Alternative medicine

Garden project is partnership

Farm managerRebekah May Stetson, left, and executive director Fayth Ross visit with goats at Urban Roots’ Fourth Street farm.

Farm managerRebekah May Stetson, left, and executive director Fayth Ross visit with goats at Urban Roots’ Fourth Street farm.

PHOTO/KELSEY FITZGERALD

This summer, Renown Medical Center and local non-profit Urban Roots are partnering on an endeavor to grow healthy food and a healthier community, by creating an urban farm on what is currently an empty lot near the medical facility. Plans for the project site, which is at the corner of Gould and Second Streets, include the construction of three high-tunnel greenhouses, outdoor gardens and a pagoda that will serve as a space for teaching students from local schools about farming.

“We would love for it to be a model to other health organizations such as hospitals, to be able to see what they can do and to see what the potential is for an empty lot like that,” said Fayth Ross, executive director of Urban Roots.

The idea for the project was announced last October. Permitting is now underway, said Ross, and a contractor has been hired to begin site preparation, including removing gravel and pavement from the lot, and installing fences and an irrigation system. If all goes well, planting of the gardens should begin early this summer.

Urban Roots farm manager Rebekah May Stetson has developed year-round planting plans for the site, which will include about 40 types of healthy produce such as lettuce, spinach, chard, kale, turnips, radishes, carrots, basil and a medicinal herb garden.

“We’ll definitely be going with heirloom, organic varieties that are nutritionally dense,” Stetson said.

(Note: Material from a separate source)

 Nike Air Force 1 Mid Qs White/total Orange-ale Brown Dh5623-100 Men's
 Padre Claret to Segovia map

Although many details are still in the works, Ross and Stetson hope to see produce grown on the farm go to hospital patients, and they are working with the Renown team to determine who the recipients might be. Of the ideas being discussed, their current favorite is the idea of providing fresh produce as a form of prenatal care.

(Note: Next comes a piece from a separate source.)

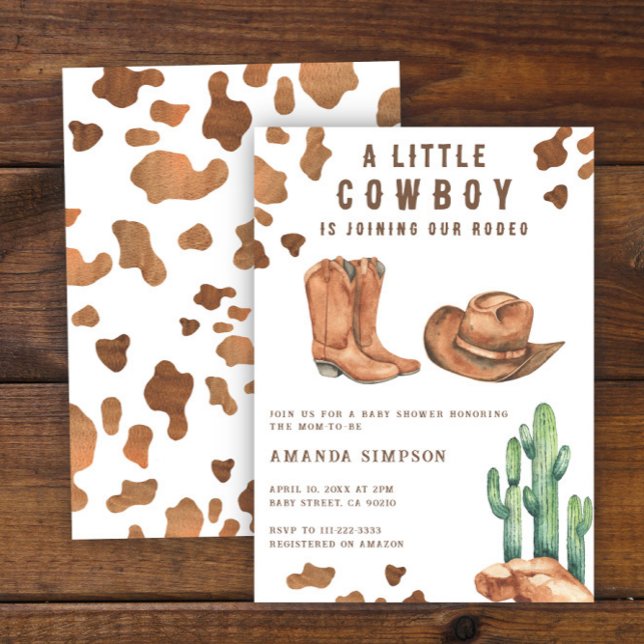 Little Cowboy Western Rodeo Baby Shower  Invitation (Creator Uploaded)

“We’re hoping to work with low-income pregnant women that are going to Renown,” Ross said. “They’re going there anyway for their prenatal care, and they could receive a prescription for a CSA [community-supported agriculture] basket. So, every two weeks they could pick up their basket of fresh produce that would be grown organically and healthy, and be able to eat some good things that would be beneficial to a pregnant mama. We would try to make that go for a full year, so it covered the term of her pregnancy as well as a few of those first critical months.”

The farm will be staffed by Urban Roots Americorps members, who will instruct students from nearby schools in urban farming techniques through curriculum that is aligned with educational standards for subjects such as math, science and English. Many Urban Roots programs are aimed at elementary and middle-school aged children, but at the Renown garden, they hope to reach high-school aged students.

“The hope at the Renown Garden is to engage some of those older kids and get them exposed to it, and maybe be able to talk about some of the prospective careers they could have, some of the endeavors that they could pursue,” said Ross. “There’s so much that you can teach, just through a garden.”